In contrast, complete loss of SsdA did not alter median murine survival times as shown by comparisons between the wild type and ΔssdA strains (median survival = 3 days). However, despite the in vitro growth defect of strain ΔssdA, the fungal burden observed by histopathology revealed modest increases in strain ΔssdA fungal burden at day 3 postinoculation compared to the wild type (Fig. 6C). It is possible that the observed in vitro increase in conidia germination of this strain contributed to the increase in fungal burden (Fig. 1E). Surprisingly, despite equivalent or increased levels of fungal burden compared to the wild type, a significant reduction in immune cell infiltrate in the bronchoalveolar lavage fluid (BALs) was apparent in animals inoculated with strain ΔssdA (P = 0.0159 [comparing strain ΔssdA to the wild type; Mann-Whitney t test]) (Fig. 6C). These results support the hypothesis that changes in ssdA levels impact the fitness of A. fumigatus in vivo and alter host immune responses.

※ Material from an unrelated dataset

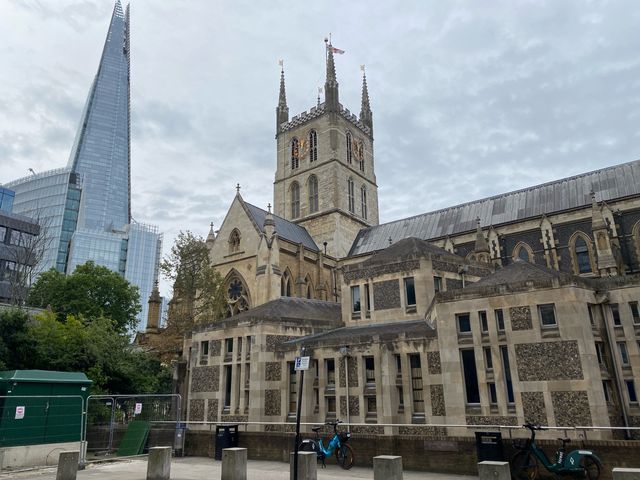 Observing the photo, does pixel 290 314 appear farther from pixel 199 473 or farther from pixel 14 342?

Given the observed combination of a striking strain ΔssdA in vitro growth defect and full virulence (as measured by murine mortality) in the steroid IPA model, we hypothesized that SsdA would be essential for virulence in a leukopenic IPA model with significant immune cell depletion (41). However, surprisingly, and similar to results observed with the triamcinolone model, strain ΔssdA had persistent if not slightly increased virulence in the leukopenic model (P = 0.005) (Fig. 6D). Also similar to results observed in the triamcinolone model, strain OE:ssdA had significant virulence attenuation compared to the wild type (P = 0.0049) (Fig. 6D). The median durations of survival of the wild-type, ΔssdA, and OE:ssdA-inoculated mice were 3.5, 2, and 9.5 days, respectively. Histopathology analysis applied to this leukopenic model revealed reduced fungal growth from lungs of OE:ssdA-inoculated mice whereas the ΔssdA-inoculated mice, in contrast to the in vitro growth phenotype, had substantial invasive hyphal growth compared to the wild type (Fig. 6F). In contrast to the results observed with the triamcinolone model, the levels of inflammatory cell infiltrations were the same in comparisons between the ssdA mutants and the wild-type strain in this leukopenic model, possibly reflecting the significant chemical-mediated immune suppression (Fig. 6E). These results suggest that increased SsdA levels attenuate A. fumigatus virulence, likely through fungal fitness defects, while loss of SsdA alters the host immune response and modestly increases fungal virulence in vivo.
DISCUSSION
The cell wall of Aspergillus fumigatus consists of polysaccharides, including chitin, β-glucan, and galactosaminogalactan and others that are critical for fungal fitness in diverse environments, including those associated with pathogenesis (29–38). Cell wall homeostasis and integrity are critical for the synthesis of each cell wall component in the face of stress and affect fungal pathogenesis on multiple levels (59). Another carbohydrate produced by fungi, trehalose, is also critical for fungal fitness during environmental stress, including pathogenesis (42, 60). Previous research in multiple fungi revealed an unexpected and ill-defined link between cell wall homeostasis and the biosynthesis of the disaccharide sugar trehalose (39–41). In A. fumigatus, a physical interaction between the TslA trehalose biosynthesis regulatory subunit and CsmA, a class V chitin synthase, suggested that trehalose biosynthesis proteins have direct roles in coordinating trehalose and fungal cell wall biosynthesis (41). Coordination between these 2 biological processes is logical given that the two biosynthetic pathways utilize common carbohydrate metabolic intermediates. Intriguingly, in our previous study, TslA was observed to physically interact with a protein (SsdA) that we define here as a homolog of the S. cerevisiae translational repressor protein Ssd1p. Alterations in the levels of SsdA in A. fumigatus impact both trehalose levels and cell wall integrity. Thus, these data further support the hypothesis that trehalose and cell wall biosynthesis are coordinated and implicate a new potential regulatory protein SsdA in these processes in A. fumigatus.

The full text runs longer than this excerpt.